Vikas Joshi is a machine learning researcher with more than a decade of experience in research and industry with reputable businesses such as Microsoft, Amazon, and IBM India Research Labs (IRL). He has substantial expertise in developing production-ready large-scale automated speech recognition (ASR) systems using traditional and end-to-end neural models. Additionally, Vikas developed the language model for Alexa's India launch.

INDIAai spoke with Vikas, a Principal Applied Researcher at Microsoft, to learn about his views on artificial intelligence.

It's great to hear; that you earned your undergraduate degree in electronics and communication engineering. What motivated a student of electronics and communication engineering to pursue a career in machine learning? 

My journey in machine learning started at IIT Madras, somewhat accidentally and not by choice. As an undergraduate electronics and communication engineering student, I was more interested in signal processing than machine learning. It was back in 2010 when machine learning was not that popular. My advisor Prof. Umesh Srinivasan introduced me to machine learning and advised me to take a course on pattern recognition by Prof. C. Chandra Sekhar at IIT Madras. Professors taught the study so well that I decided to conduct my research in this field. As my research progressed, I saw some success with papers published in reputed conferences like Interspeech and ICASSP. By the end of my stint at IIT Madras, I was clear and determined to pursue a career in machine learning. 

How were your earliest research phases? Could you describe any of the difficulties you encountered during that time?

My research journey started on a high note, with four papers accepted in top tier conferences in the first two years of my research. Let me share some advice given by my uncle that helped me in the initial phases of my research. My uncle had a doctorate from Penn State University, and he advised me to spend a lot of time with senior PhD scholars in the initial months of my research. I helped my seniors with experimentation and proactively involved myself in their technical discussions. This experience helped me ramp up faster and identify the niche problems to be solved. I also worked towards establishing a good rapport with my advisor, senior PhD scholars and my peers. Moreover, my advisor was very supportive and set a conducive research environment in our lab. With all these aspects coming together, I had the best possible start to my research journey. 

Have you ever felt low in your 9+ years of research and industry experience as a Machine Learning researcher? How did you get through it? 

My research journey has been a roller coaster ride. There have been times during my PhD when nothing seemed to work. My ideas and experiments did not yield the expected results, and all my papers submitted during that time to conferences and journals were rejected. While I was disappointed with the rejection, I enjoyed the journey. I liked trying new ideas and experimenting with different modelling approaches and enjoyed long discussions/debates with my peers. I introspected the feedback from reviews and acted upon it. During the low times, I think it is important to keep enjoying the journey and, at the same time, introspect the failure and improve upon it. It is easy to get demotivated during the tough times, which can lead to a downward spiral as it is hard to succeed when you are demotivated.   

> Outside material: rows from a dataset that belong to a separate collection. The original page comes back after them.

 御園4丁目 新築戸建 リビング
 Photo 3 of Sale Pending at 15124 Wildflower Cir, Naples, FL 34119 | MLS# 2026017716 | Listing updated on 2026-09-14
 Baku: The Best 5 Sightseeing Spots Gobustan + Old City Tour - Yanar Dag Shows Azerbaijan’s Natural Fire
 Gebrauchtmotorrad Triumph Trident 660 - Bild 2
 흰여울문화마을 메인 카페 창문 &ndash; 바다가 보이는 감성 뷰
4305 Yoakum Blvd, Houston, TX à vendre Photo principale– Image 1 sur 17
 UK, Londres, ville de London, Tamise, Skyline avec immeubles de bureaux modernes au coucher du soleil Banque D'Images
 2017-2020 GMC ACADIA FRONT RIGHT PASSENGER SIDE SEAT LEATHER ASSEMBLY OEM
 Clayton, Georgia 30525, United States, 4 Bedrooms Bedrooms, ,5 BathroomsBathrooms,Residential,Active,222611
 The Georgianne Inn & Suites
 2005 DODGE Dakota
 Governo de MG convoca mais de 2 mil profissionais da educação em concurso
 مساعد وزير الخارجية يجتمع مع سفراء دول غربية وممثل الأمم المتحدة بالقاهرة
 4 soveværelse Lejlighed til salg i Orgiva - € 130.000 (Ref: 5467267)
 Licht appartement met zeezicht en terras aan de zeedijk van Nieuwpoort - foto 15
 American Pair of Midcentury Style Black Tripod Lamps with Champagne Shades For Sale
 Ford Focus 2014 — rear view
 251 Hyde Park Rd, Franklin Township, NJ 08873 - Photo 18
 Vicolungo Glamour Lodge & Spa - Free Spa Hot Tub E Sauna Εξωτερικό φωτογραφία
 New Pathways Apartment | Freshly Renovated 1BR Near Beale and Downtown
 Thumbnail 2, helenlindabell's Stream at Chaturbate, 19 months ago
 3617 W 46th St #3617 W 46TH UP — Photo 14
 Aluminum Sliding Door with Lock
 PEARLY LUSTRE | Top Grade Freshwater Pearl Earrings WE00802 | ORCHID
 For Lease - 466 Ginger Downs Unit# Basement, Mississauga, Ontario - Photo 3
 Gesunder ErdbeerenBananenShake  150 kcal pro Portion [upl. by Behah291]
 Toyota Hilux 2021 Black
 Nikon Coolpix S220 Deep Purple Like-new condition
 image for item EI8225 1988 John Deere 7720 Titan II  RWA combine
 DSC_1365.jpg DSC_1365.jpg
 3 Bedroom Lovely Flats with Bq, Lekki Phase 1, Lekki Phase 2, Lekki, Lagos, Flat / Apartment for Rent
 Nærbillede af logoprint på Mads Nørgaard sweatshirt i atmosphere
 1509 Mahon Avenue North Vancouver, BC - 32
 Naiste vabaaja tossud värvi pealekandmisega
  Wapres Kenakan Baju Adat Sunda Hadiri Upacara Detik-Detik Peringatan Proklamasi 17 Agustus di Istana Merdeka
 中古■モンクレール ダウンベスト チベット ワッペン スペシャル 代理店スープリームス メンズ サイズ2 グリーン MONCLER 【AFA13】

Is it necessary to know programming to conduct AI research? If that's the case, what programming language is needed? 

It is necessary to know high-level programming languages such as Python and deep learning frameworks such as PyTorch and TensorFlow. Most organizations also look for a decent understanding of data structures and algorithms.  

Who is your role model in AI? 

I am inspired by various people at different stages of my career. At the start of my research career, I looked up to my advisor Prof. Umesh, an expert in statistical speech recognition and humble at the same time. Then I was particularly impressed with the work done by Alex Graves. He proposed recurrent neural network transducer models for speech recognition which started a new speech modelling paradigm now popularly known as end-to-end or on-device speech recognition models.  

What do you actually do in your organization as a Principal Applied Researcher? 

I work at the Microsoft Speech team, and we focus on improving speech recognition accuracy for Indian languages. In addition, I lead acoustic modelling and on-device speech modelling efforts. As a Principal Applied Researcher, I am involved in defining the projects, creativity, and execution. We also contribute to intellectual property by filing patents and publishing our research work at top-tier speech conferences.  

Can you briefly say about your research area? What is your future focus on it? 

My research focuses on advancing the state-of-the-art for bilingual and code-mixed speech recognition. Recently, I am also exploring unsupervised learning for speech recognition.  

What advice would you provide to people interested in pursuing a career in artificial intelligence? 

A career in artificial intelligence is rewarding on many fronts, and roles like data scientist or applied scientist are excellent career choices. However, like any other domain, it needs a specific set of skill sets to be acquired. To begin with, be proficient with a high-level programming language like Python and one of the deep learning frameworks like PyTorch or Tensorflow. Then, depending on the job profile, you need to learn general machine learning concepts and some advanced topics like natural language processing, speech recognition, or image processing. It is also essential to know the fundamental concepts of linear algebra and probability theory, which are often ignored. NPTEL offers linear algebra and probability theory courses and is a great source to learn from.  

While theoretical understanding is necessary, gaining hands-on experience is of paramount importance too. To do so:

  1. Pick up a real-world scenario and explore different machine learning models on that dataset.
  2. Get a feel of how these models behave in practice and correlate the model behaviour on this real-world dataset with your theoretical understanding of the model.
  3. If the model does not act as expected, dig deeper until you reason out such behaviour.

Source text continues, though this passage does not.